SOURCE INFORMATION:
┄┄┄┄┄┄┄┄┄┄┄┄┄┄┄┄┄┄┄┄

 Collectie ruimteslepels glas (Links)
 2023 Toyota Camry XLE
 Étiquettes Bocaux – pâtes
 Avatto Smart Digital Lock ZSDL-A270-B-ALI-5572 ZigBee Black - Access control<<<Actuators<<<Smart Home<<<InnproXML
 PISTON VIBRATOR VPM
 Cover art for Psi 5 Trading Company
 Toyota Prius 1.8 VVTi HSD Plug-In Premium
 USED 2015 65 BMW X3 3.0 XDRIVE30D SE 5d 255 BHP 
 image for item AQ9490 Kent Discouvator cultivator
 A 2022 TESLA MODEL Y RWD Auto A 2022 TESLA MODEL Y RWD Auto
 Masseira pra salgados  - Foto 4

┄┄┄┄┄┄┄┄┄┄┄┄┄┄┄┄┄┄┄┄

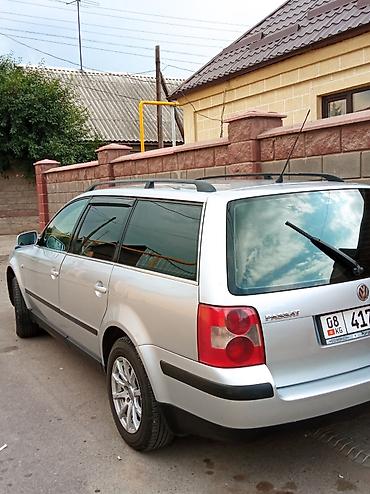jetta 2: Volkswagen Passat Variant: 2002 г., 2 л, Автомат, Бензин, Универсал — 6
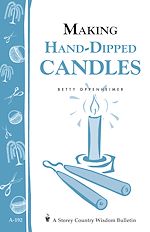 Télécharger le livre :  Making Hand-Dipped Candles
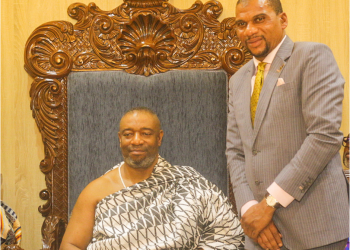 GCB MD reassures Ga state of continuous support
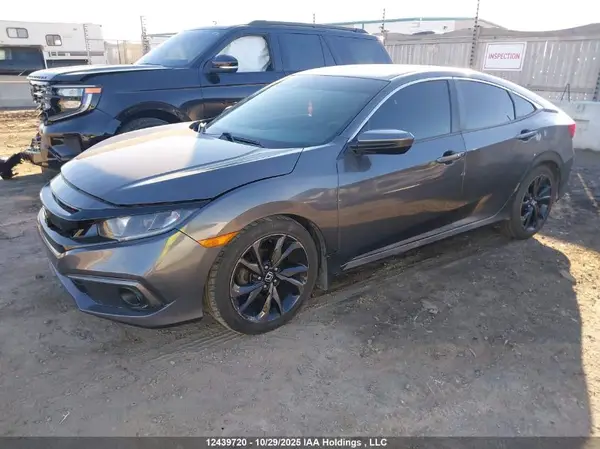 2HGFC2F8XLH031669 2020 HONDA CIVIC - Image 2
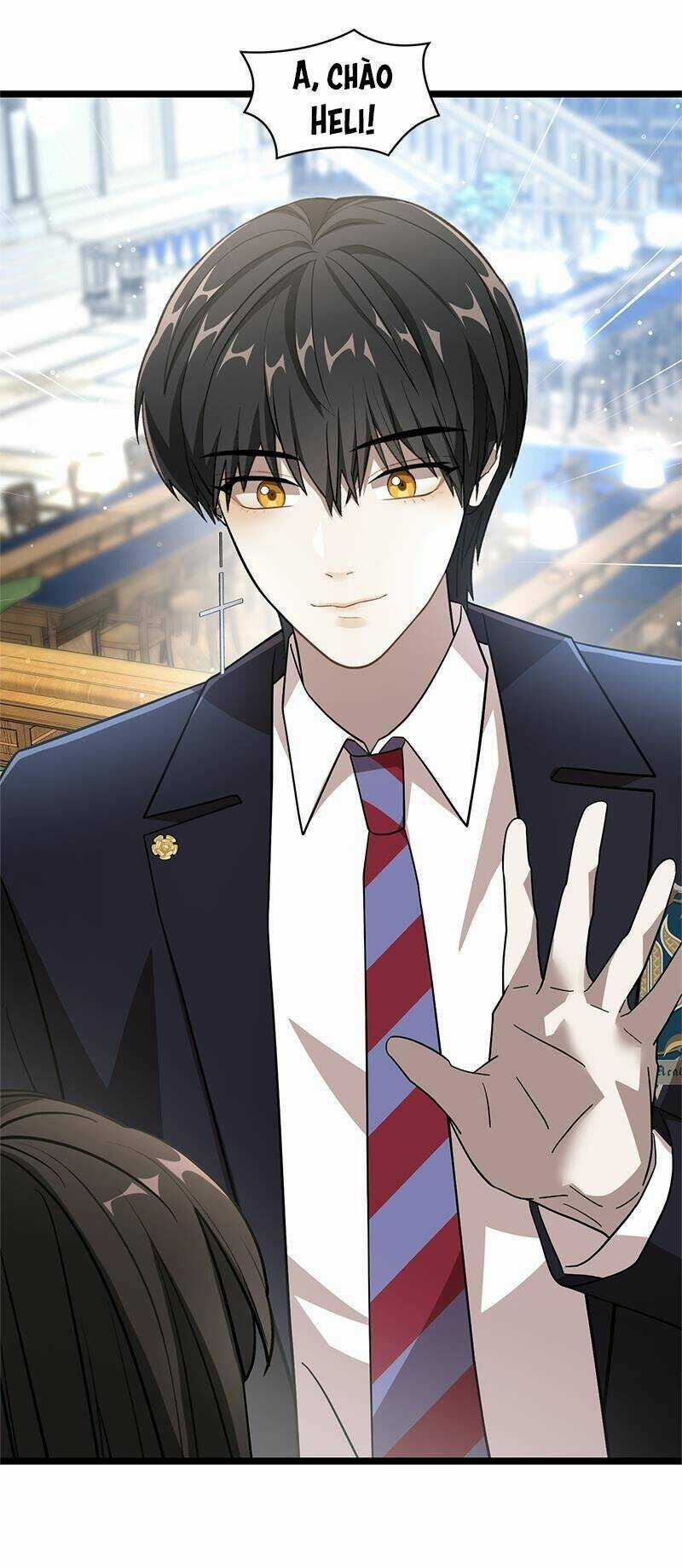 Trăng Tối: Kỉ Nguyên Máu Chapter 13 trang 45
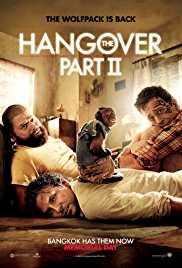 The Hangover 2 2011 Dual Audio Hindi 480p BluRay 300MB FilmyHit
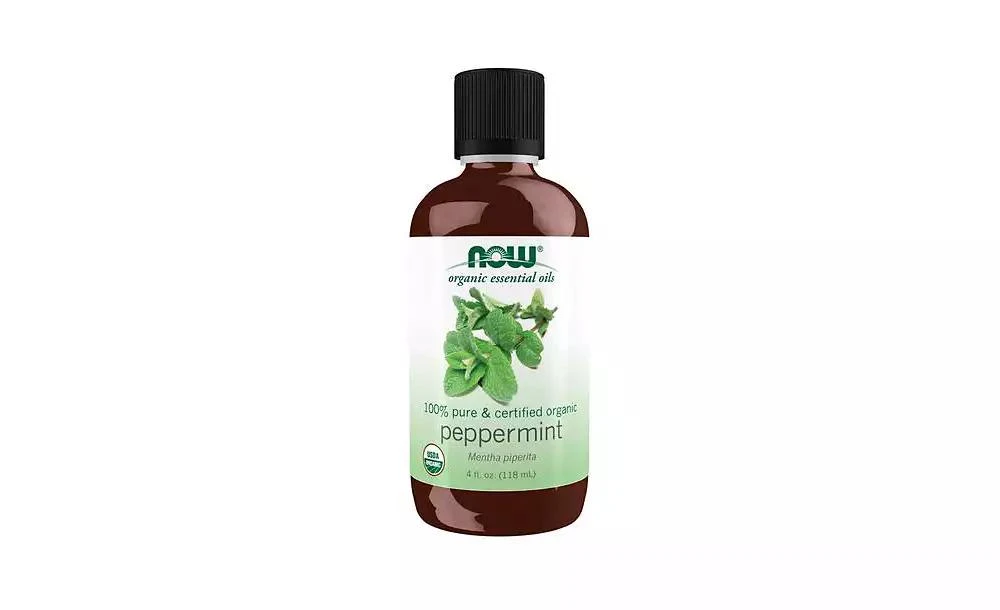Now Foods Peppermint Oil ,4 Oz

┄┄┄┄┄┄┄┄┄┄┄┄┄┄┄┄┄┄┄┄

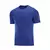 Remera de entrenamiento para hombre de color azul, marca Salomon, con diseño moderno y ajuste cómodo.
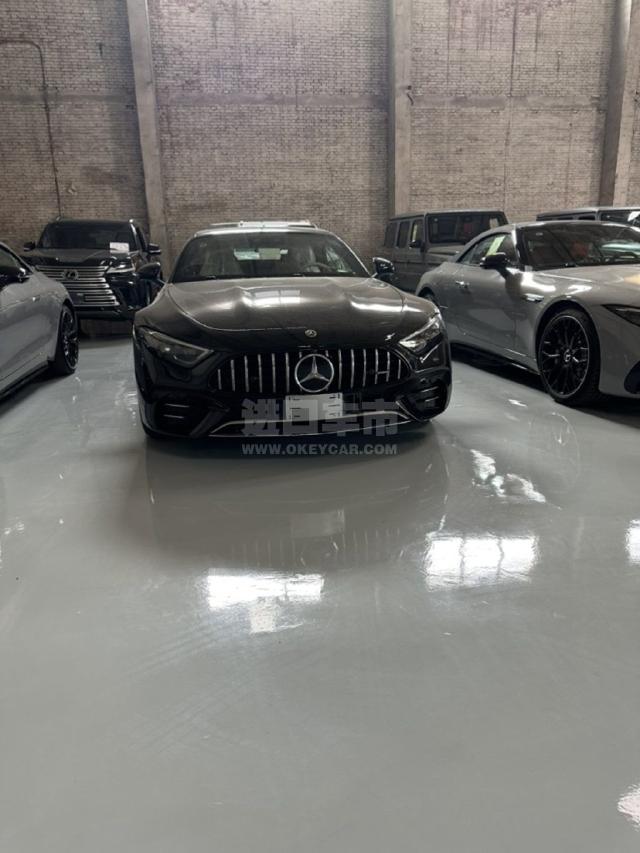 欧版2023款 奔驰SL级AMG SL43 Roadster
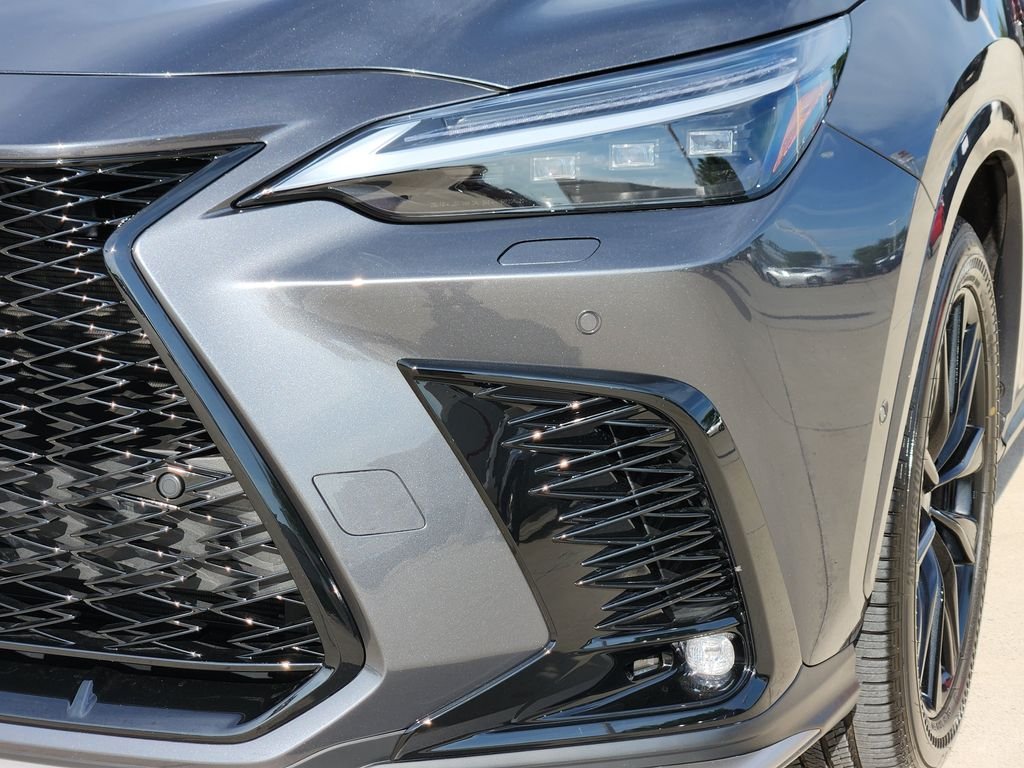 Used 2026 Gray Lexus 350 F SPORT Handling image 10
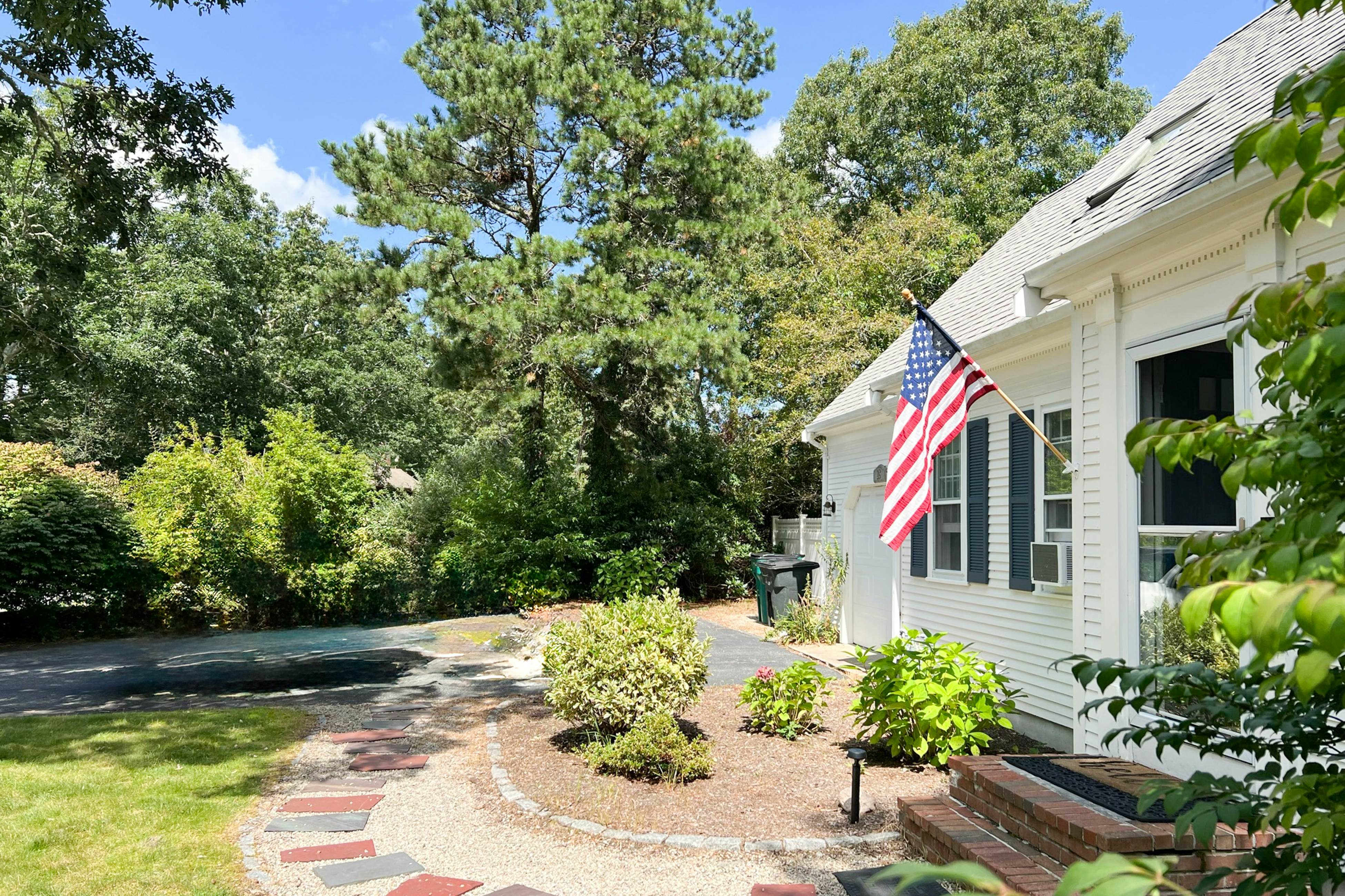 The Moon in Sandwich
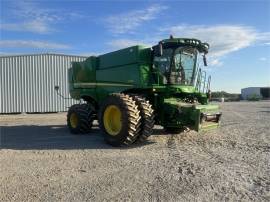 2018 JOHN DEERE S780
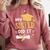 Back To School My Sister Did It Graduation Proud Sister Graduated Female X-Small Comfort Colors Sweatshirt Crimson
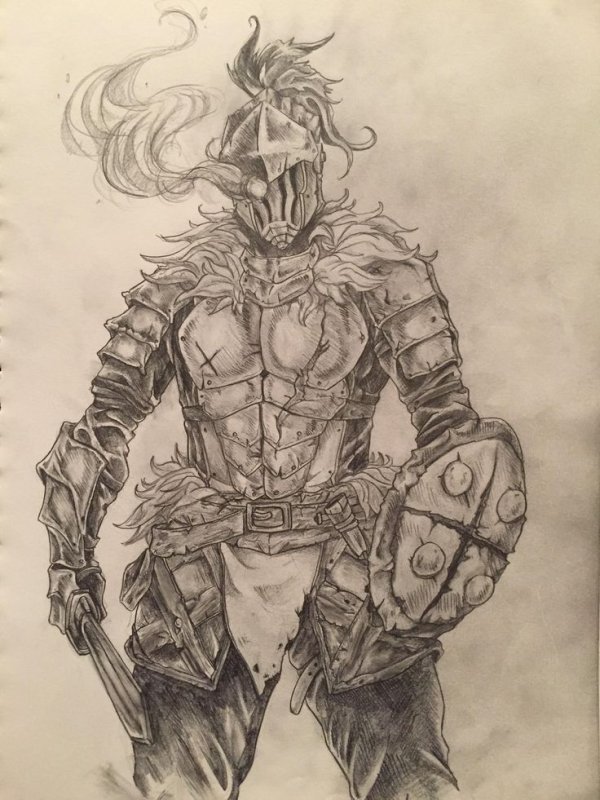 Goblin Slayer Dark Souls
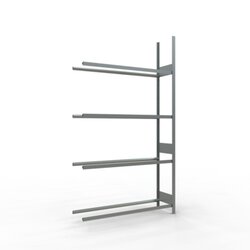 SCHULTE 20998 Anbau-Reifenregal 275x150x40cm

┄┄┄┄┄┄┄┄┄┄┄┄┄┄┄┄┄┄┄┄

WHAT TO DO:
Give back exactly the lines of the listing above that run from the line with "A 2022 TESLA MODEL Y RWD Auto A" to the line with "Masseira pra salgados", inclusive.

ANSWER SPACE:
 A 2022 TESLA MODEL Y RWD Auto A 2022 TESLA MODEL Y RWD Auto
 Masseira pra salgados  - Foto 4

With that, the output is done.